Text analysis tools go back to the first ad-hoc tools that Roberto Busa created for his concordance of the works of Thomas Acquinas and Andrew Booth’s Mechanical Resolution of Linguistic Problems in the 1950s.
Voyant is a suite of analysis and exploration tools for digital texts. Very few contributions to knowledge and technology are unrecognizable from what preceded, and Voyant is no exception: it is largely built on the foundations of text analysis tool design and methodology from over 50 years of humanities computing research. The following are some of the tools that have most influenced text analysis tool development and Voyant in particular:
- Unix command-line tools (grep, sort, uniq, wc, awk, etc.), since the 1970’s. Each unix tool is designed to do one relatively simple thing very efficiently. The power of these modular tools is in how they can be combined in endless ways through the piping mechanism (the output of one tool becomes the input of the next in a chain).
- Oxford Concordance Program (OCP), early 1980’s. OCP provided one of the first examples of a generalized tool for producing concordances, the most historically prevalent activity for text analysis in humanities computing. Although other concordancing programs were available before (such as COCOA), OCP gained wide acceptance. The parallel explosion of personal computing also led to a variant of OCP called MicroOCP (for DOS).
- WordCruncher (mid 1980’s and into 1990’s). Whereas OCP was essentially mainframe (shared) computer software, WordCruncher was built for personal computing in DOS, which meant innovative interface solutions needed to be found. Originally called BYU Concordance Program prior to commercialization, WordCruncher morphed from its DOS form to a Windows-based form in the 1990’s.
- Textual Analysis Computing Tools (TACT) and TACTWeb, 1990’s. TACT was a widely-used DOS-based suite of programs that included some of the usual features for building concordances, frequency lists, collocate lists (frequencies within the context of a keyword), but also some less common features like finding anagrams within a text. Similar to OCP and WordCruncher, TACT required a step of text preparation that enabled fine-grained searching and retrieval (based, for instance, on the presence of specified tags). TACT also provided some navigational features between the different displays that anticipated similar functionality through hypertext (though again, TACT was DOS-based). The Modern Languages Association (MLA) published a volume in 1996 entitled “Using TACT with Electronic Texts” which further extended the reach of this tool and solidified its role as the dominant text analysis tool suite of the 1990’s. TACTWeb was an adaptation of TACT to run on the web that we developed by John Bradley and Geoffrey Rockwell.
- HyperPo, late 1990’s until present. HyperPo was the first web-based text analysis suite available.
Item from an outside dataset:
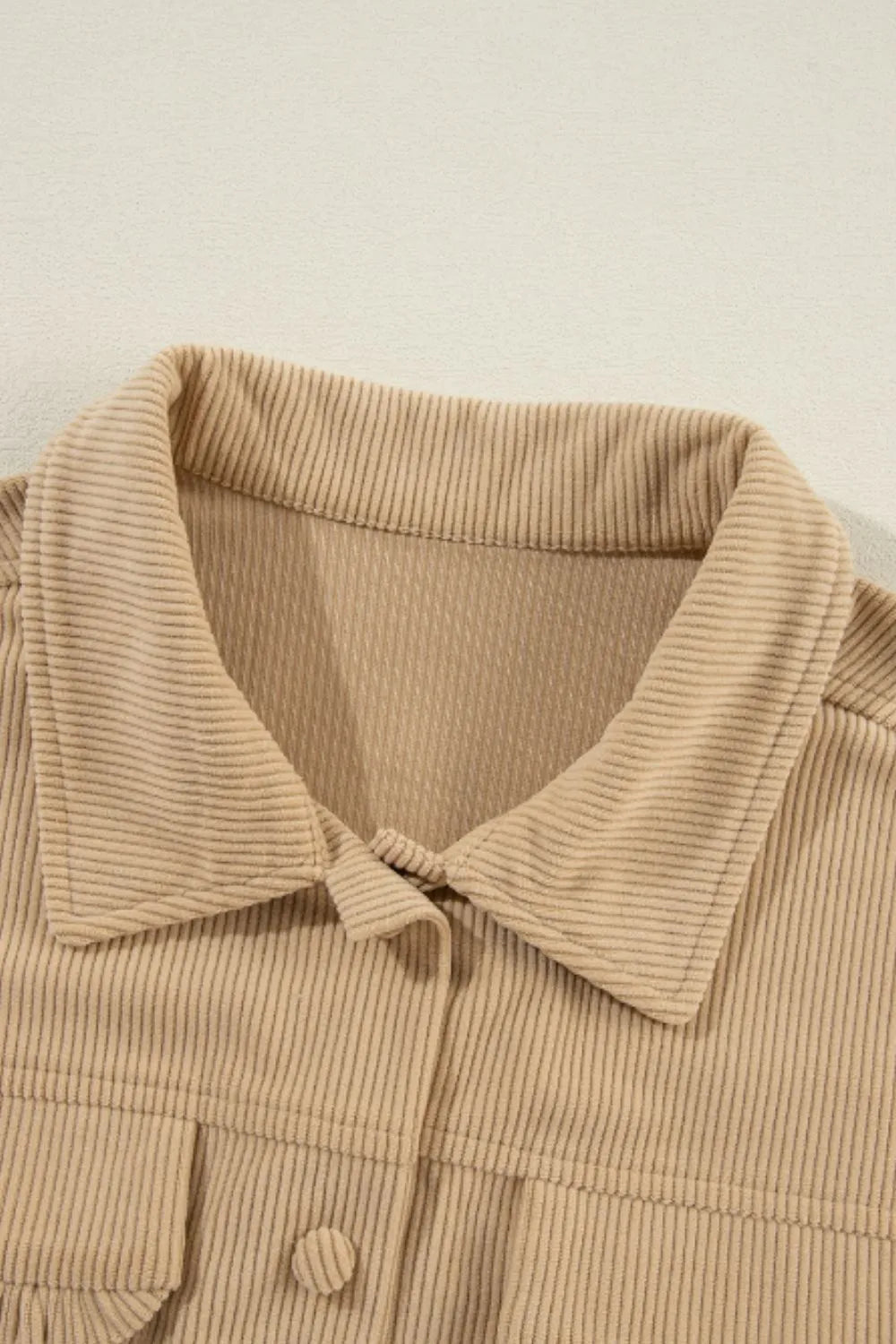 Long Sleeve Frill Shacket women&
It provided much of the same functionality as TACT, but with a greater focus on interlinking between the original text being analyzed and the data results (for instance, a user can click on a word in aconcordance to return to that location in the text). Inspired by work on the Oulipo, HyperPo also provides some more experimental and ludic functions (palindromes, text reversal, text entropy, etc.). As a web-based tool, HyperPo was innovative in allowing users to work with texts from a variety of places (pasted into a text box, uploaded from a local drive, retrieved from a URL) and a variety of formats (plain text, HTML and XML). Unlike most of its predecessors, HyperPo doesn’t require preliminary steps by the user for preparing and indexing a text (a paradigm we call immediate analysis). Finally, HyperPo was designed from the outset to be localized (the interface could be translated into different languages) and to support a variety of character sets (UTF-8, ISO-8859-1, etc.) and languages.
- Philologic (2000’s until present): Philologic is a bit different than the preceding examples in that it is really a back-end framework for ingesting, indexing, and retrieving encoded text – it is not as concerned with the end-user interface (what the research might use). Philologic is the back-end system used by front-end interfaces like ARTFL. Philologic is noteworthy in that it emphasizes speed for large corpora while supporting more sophisticated operations on encoded texts and providing common analytic features (concordancing, frequency lists, etc.).
- GATE and LingPipe (2000’s until present). These are two of the most prevalent examples of text analysis frameworks: they are useful both as stand-alone analytic tools for experts and as software libraries for other text analysis tools. Each framework has its respective strengths and weaknesses, but both provide extensive capabilities for such operations as part of speech tagging and entity extraction.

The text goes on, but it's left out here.